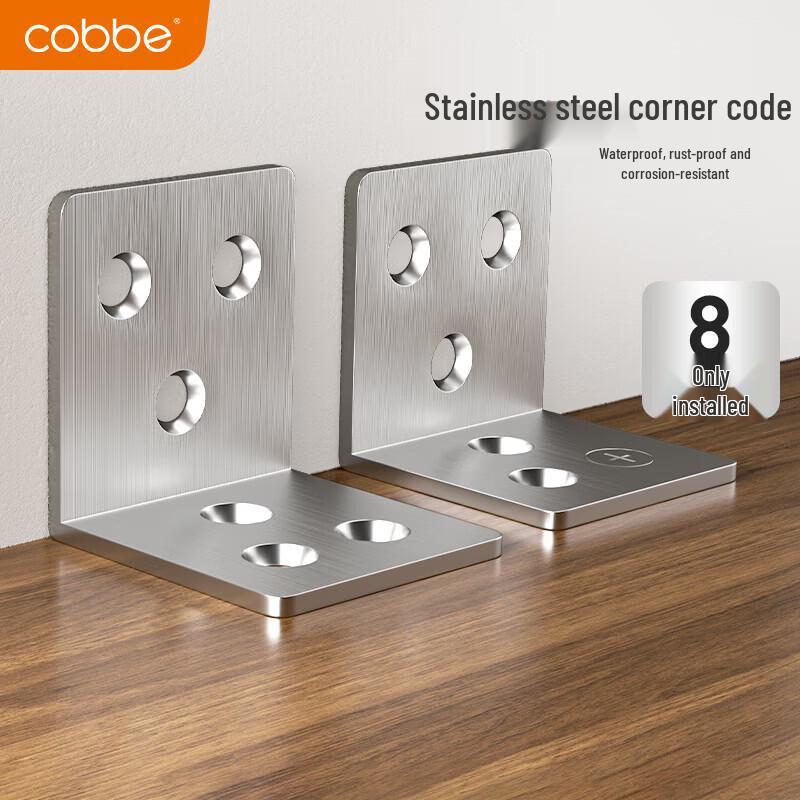 Kabe Thickened Stainless Steel L-shaped 90-Degree Angle Brackets
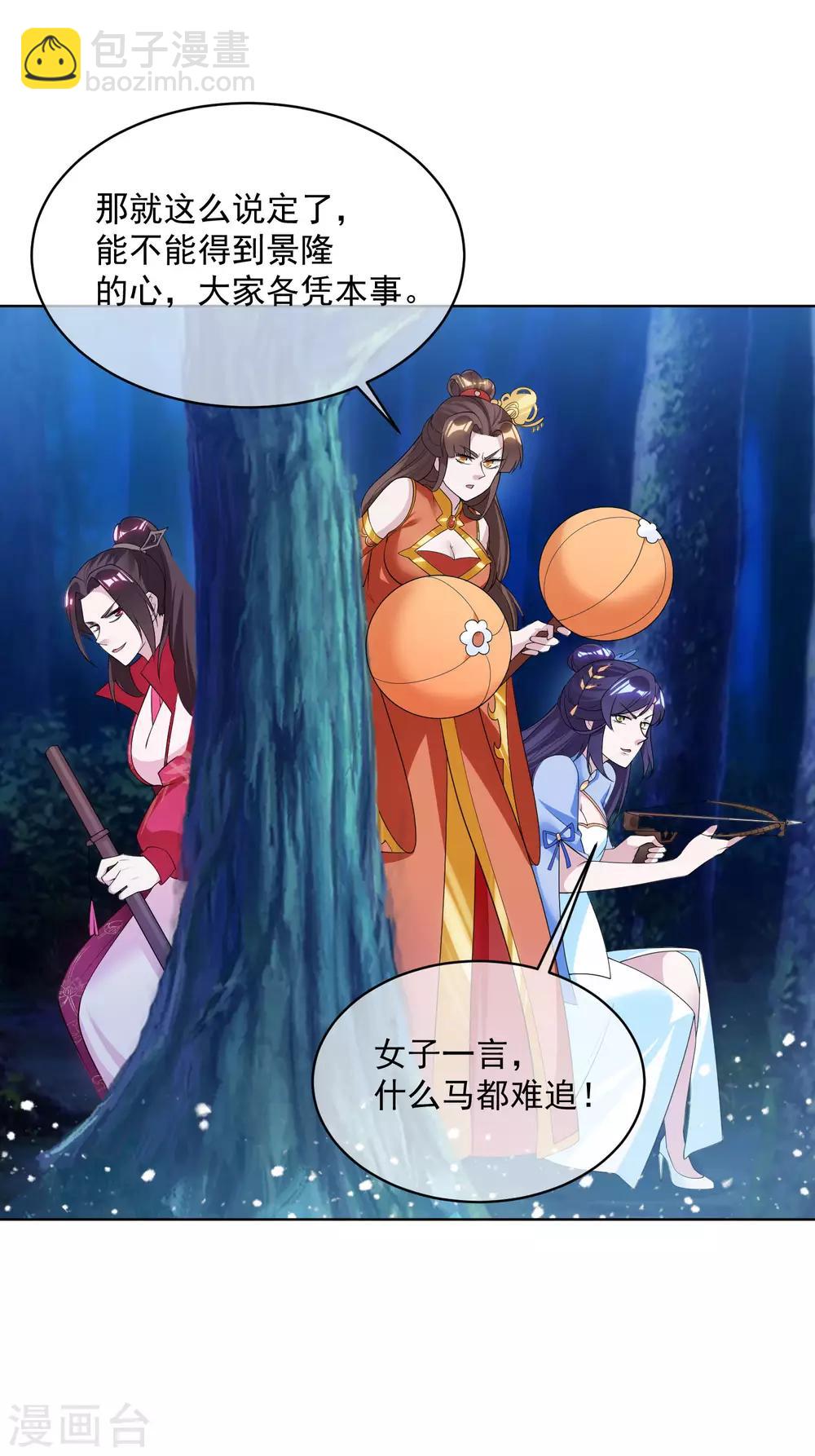 🍴极品败家子 第180话 三个女人的约定 第33页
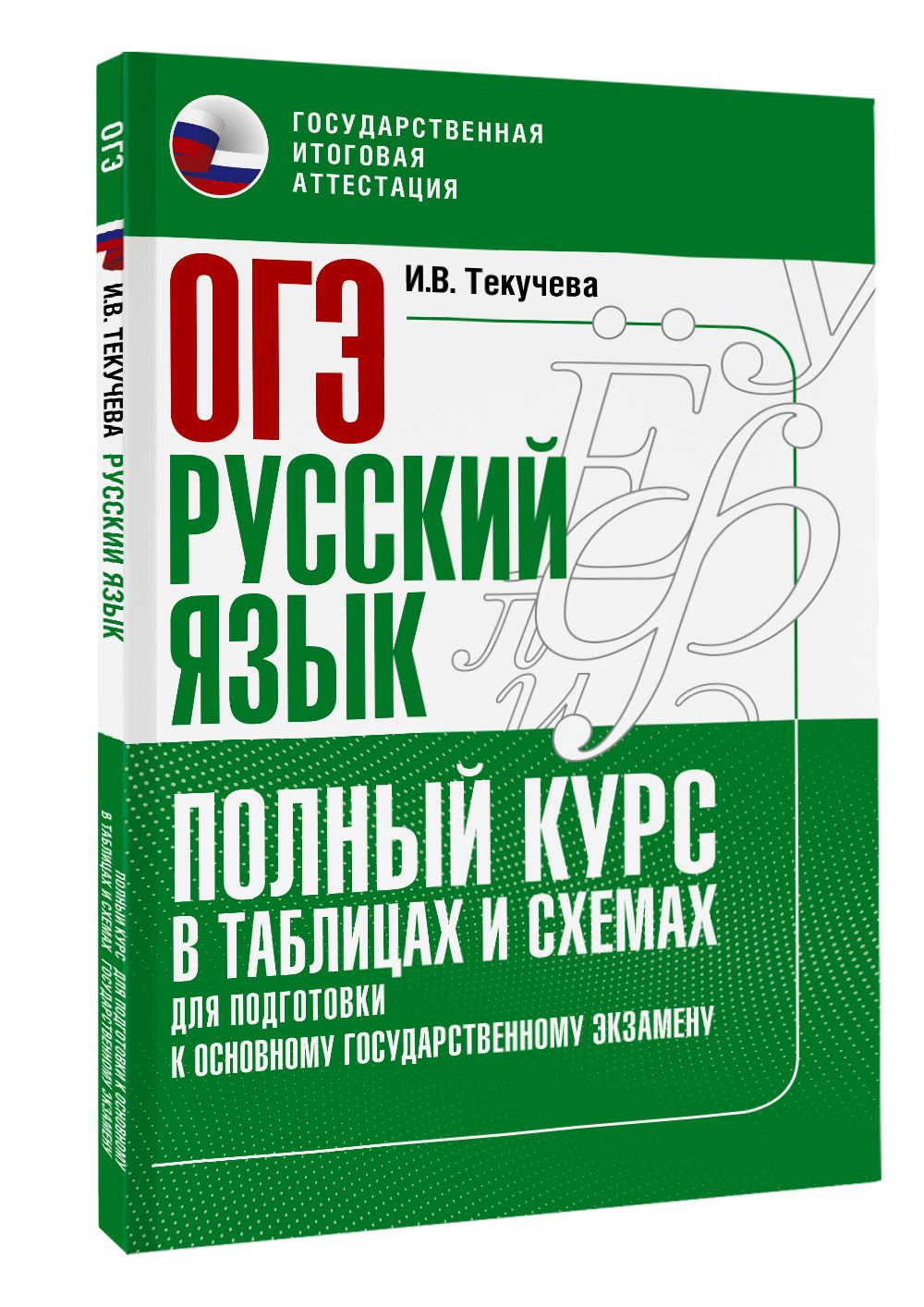 Русский Язык в Таблицах и Схемах Огэ – купить в интернет-магазине OZON по  низкой цене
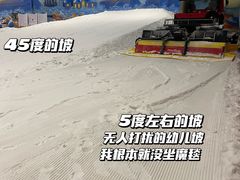 -乔波室内滑雪场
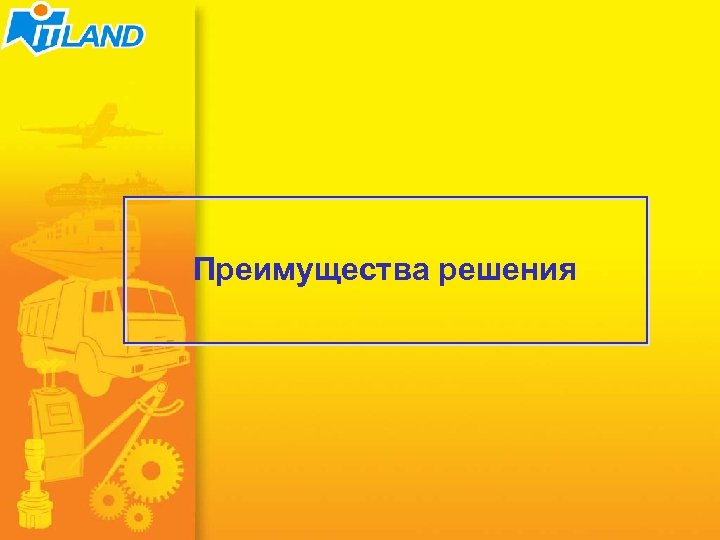 Преимущества решения 58/51 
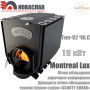 Канадська піч Новаслав Montreal lux ✓ Тип 02 ✓ Булер'ян ✓ Час роботи до 6-8 годин ✓ Кількість повітряних труб 9 штук ✓ Україна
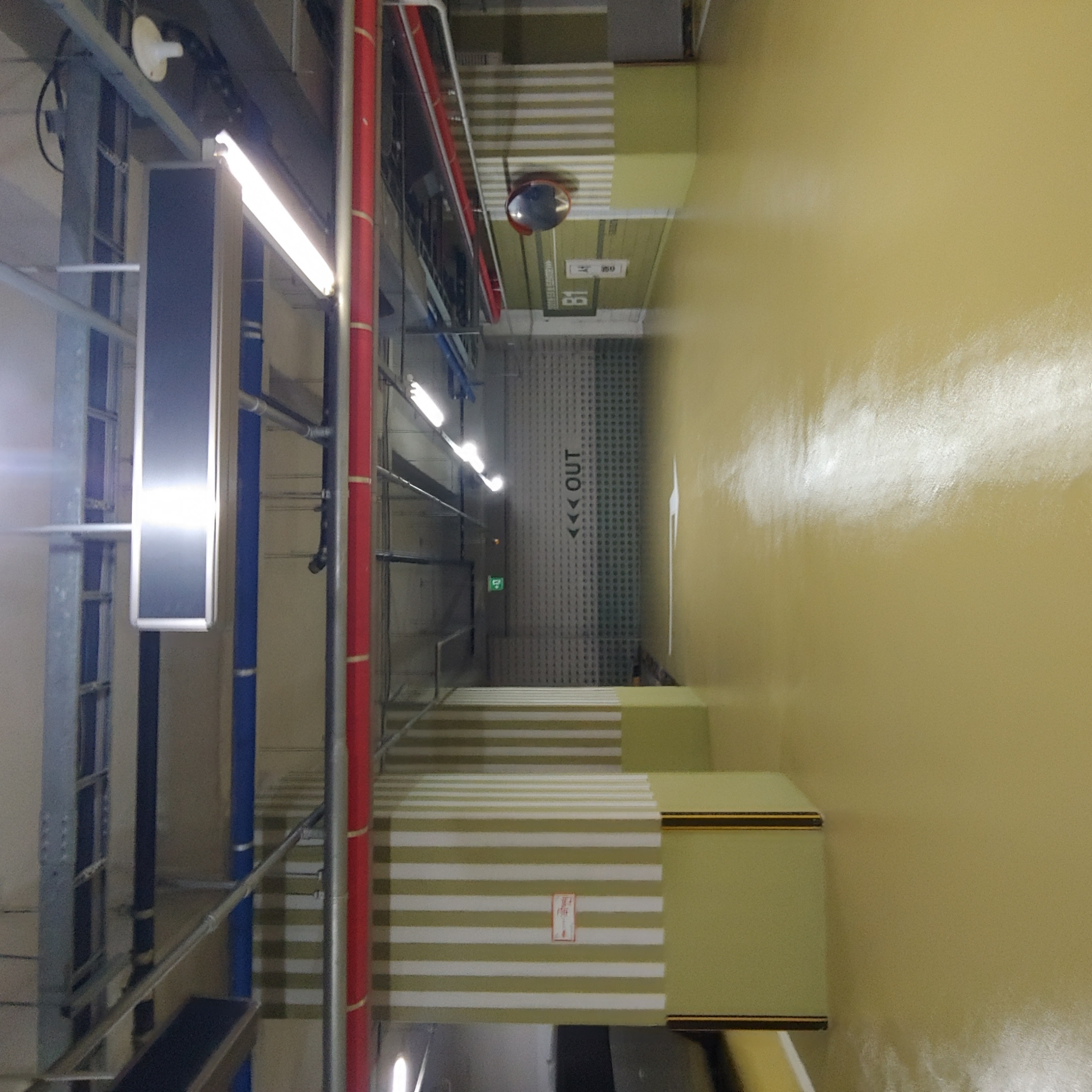 용산 이안3차 아파트 — 지하주차장 방수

● ● ● ● ● ● ●

ASSIGNED TASK » Return all the lines above exactly; none of the pictures should appear.

SOLVED PROBLEM »
 Kabe Thickened Stainless Steel L-shaped 90-Degree Angle Brackets
 🍴极品败家子 第180话 三个女人的约定 第33页
 Русский Язык в Таблицах и Схемах Огэ – купить в интернет-магазине OZON по  низкой цене
 -乔波室内滑雪场
 Преимущества решения 58/51 
 Канадська піч Новаслав Montreal lux ✓ Тип 02 ✓ Булер'ян ✓ Час роботи до 6-8 годин ✓ Кількість повітряних труб 9 штук ✓ Україна
 용산 이안3차 아파트 — 지하주차장 방수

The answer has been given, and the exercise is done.